··· GIVEN DATA ···

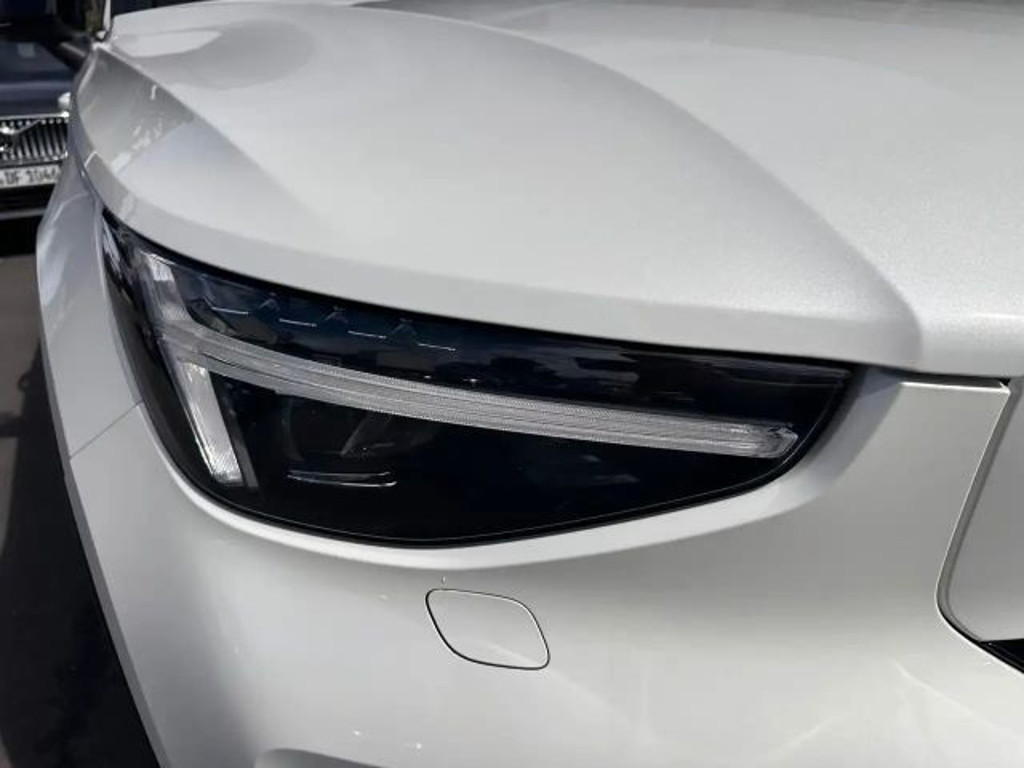 Volvo EX40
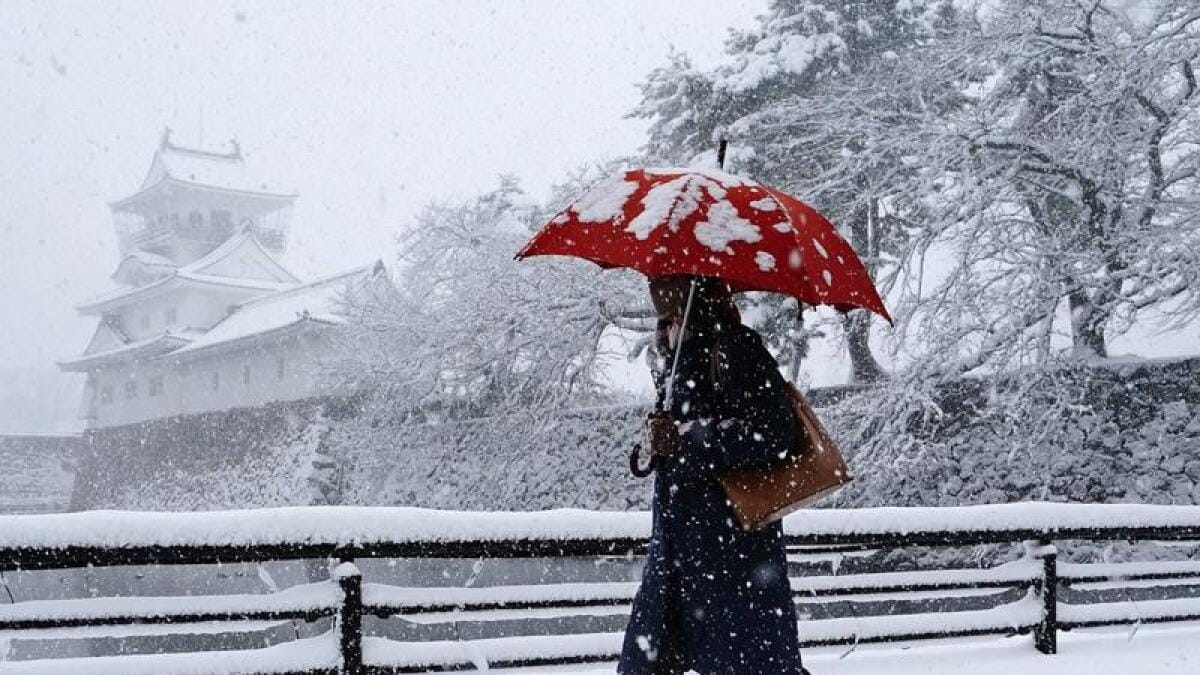 بەهۆی سەرما و بارینی بەفرێکی زۆر لە ژاپۆن 30 کەس گیانیان لەدەستدا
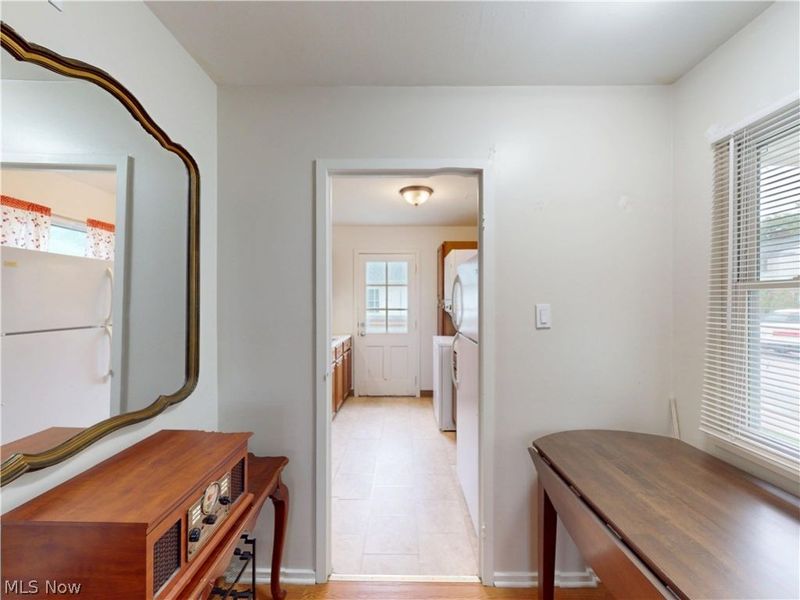 302 Buckner Drive, Unit 207, Euclid, OH 44123 Photo 8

···

WHAT TO DO
Write out the whole listing exactly. Pictures stay out.

EXERCISE ANSWER
 Volvo EX40
 بەهۆی سەرما و بارینی بەفرێکی زۆر لە ژاپۆن 30 کەس گیانیان لەدەستدا
 302 Buckner Drive, Unit 207, Euclid, OH 44123 Photo 8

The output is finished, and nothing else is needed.